Our bodies are constantly renewing themselves, discarding ageing tissues and replacing them with fresh ones. Without this turnover, our systems would fail, so turnover is a fundamental part of what we are.
The biochemistry of this is complex, however, and researchers are trying to learn what initiates and sustains this process. Dr William Reville, senior lecturer in biochemistry and director of electron microscopy at University College, Cork, is studying turnover in skeletal muscle.
Dr Reville was a member of the research team at Iowa University which first identified an enzyme, calpain, associated with this process. He has continued to study muscle turnover and currently has two postgraduate students involved in the work at UCC.
"We are studying protein turnover. Everything in the body is broken down and replaced, it is a basic function of life," he explained. Muscle makes up 40 per cent of all body weight and 70 per cent of the dry weight of muscle is protein.
Muscle cells are long cylindrical structures often extending the entire length of the muscle. Most of the protein content is given over to contraction and is organised into long fibre-like elements called myofibrils. These in turn are made up of many overlapping arrays of fine myofilaments.
Understanding these processes is about much more than satisfying scientific curiosity, Dr Reville said. "If we understand the mechanisms of turnover in normal muscle, we might be able to discover what takes place in diseased muscle," he said.
"It appears from research that many wasting muscle diseases such as Duchenne muscular dystrophy involve disorders in protein turnover, where breakdown greatly exceeds synthesis, leading to wasting."
Duchenne MD is invariably fatal and is the second-most common human genetic disease, so progress in this area could have a major impact.
Dr Reville's work focuses on the myofibrils and their interaction with the calpain enzyme which breaks them down. Expression of calpain has been shown to be increased in patients with muscle wasting diseases.
This is only a first step, however. His research has shown that the myofilaments at the surface of the myofibril are only loosely connected, and this is necessary to achieve flexibility. They are so loose that shaking can dislodge 5 per cent of surface myofilaments and exposure to calpain takes off up to 50 per cent of these "easily releasable myofilaments" (ERMs).

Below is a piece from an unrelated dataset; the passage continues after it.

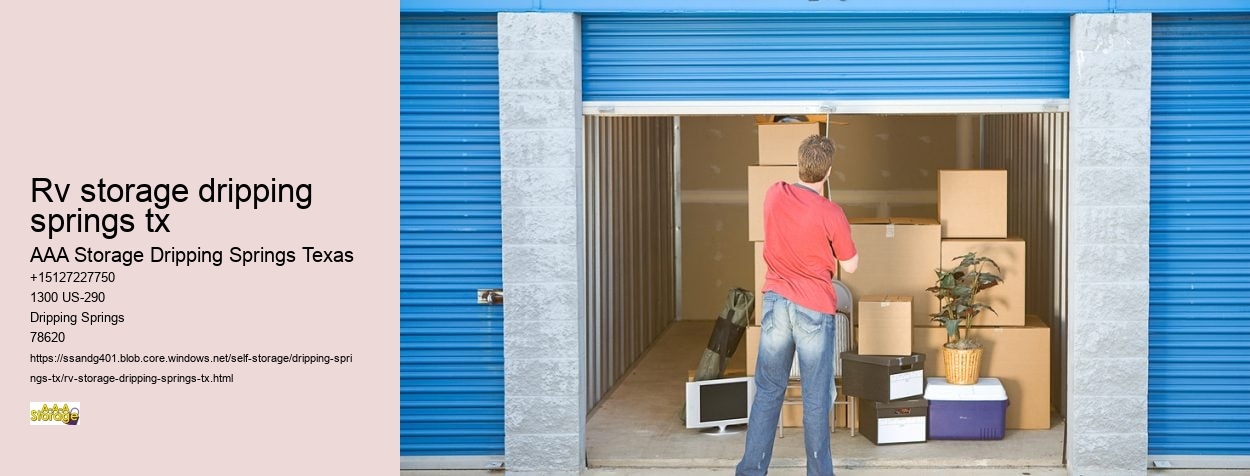 rv self storage near Dripping Springs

Research suggests that ERMs play a special role in turning over the myofibril protein, Dr Reville said. Early theories suggest that myofilaments deep inside the myofibril gradually migrate towards the surface as they age and in turn are discarded. Calpain mediates this removal of surface myofilaments.
His research group can "watch" what happens during this breakdown through use of UCC's electron microscope. "We need to be able to see the filaments coming off and we can only do that using an electron microscope. The electron microscope has been a central part of the research."

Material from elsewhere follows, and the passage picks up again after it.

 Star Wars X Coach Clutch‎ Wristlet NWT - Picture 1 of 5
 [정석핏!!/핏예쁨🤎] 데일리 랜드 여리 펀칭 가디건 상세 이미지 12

Dr Reville's research is also relevant to agriculture and meat production. The Department of Agriculture, Forestry and Food has funded his work for some years, recognising its potential value.

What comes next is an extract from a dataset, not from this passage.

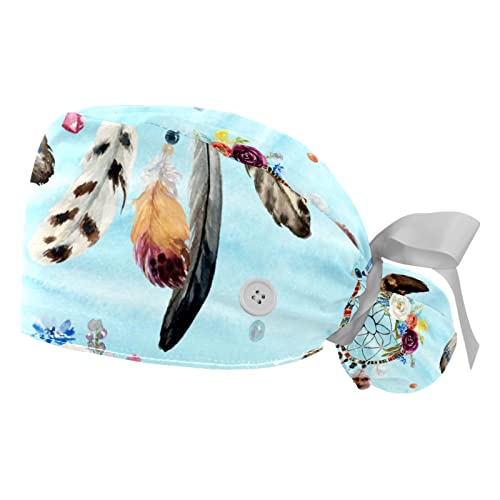 Casquettes de travail respirantes JDEZ anti-transpiration avec élastique ajustable lot de 2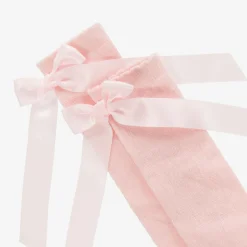 Pretty Originals Girls Pink Cotton Bow Socks Discount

Meat production is about delivering maximum muscle mass at the lowest possible cost and so is inextricably linked to the turnover process, he said. The object is to try to speed up synthesis or to slow breakdown to increase mass. From his research he believes the "more productive line of attack" involves slowing breakdown rather than accelerating synthesis.
The work also applies to beef's tenderness. Freshly killed beef is tender but soon rigor mortis sets in and it becomes tough. It must hang in a cooler for at least two weeks to become tender again, a process brought about by the same protein breakdown system.
"We are interested in the mechanism whereby the meat goes tender again over that period," he said. It is driven by an enzyme reaction and the idea would be to speed up the process.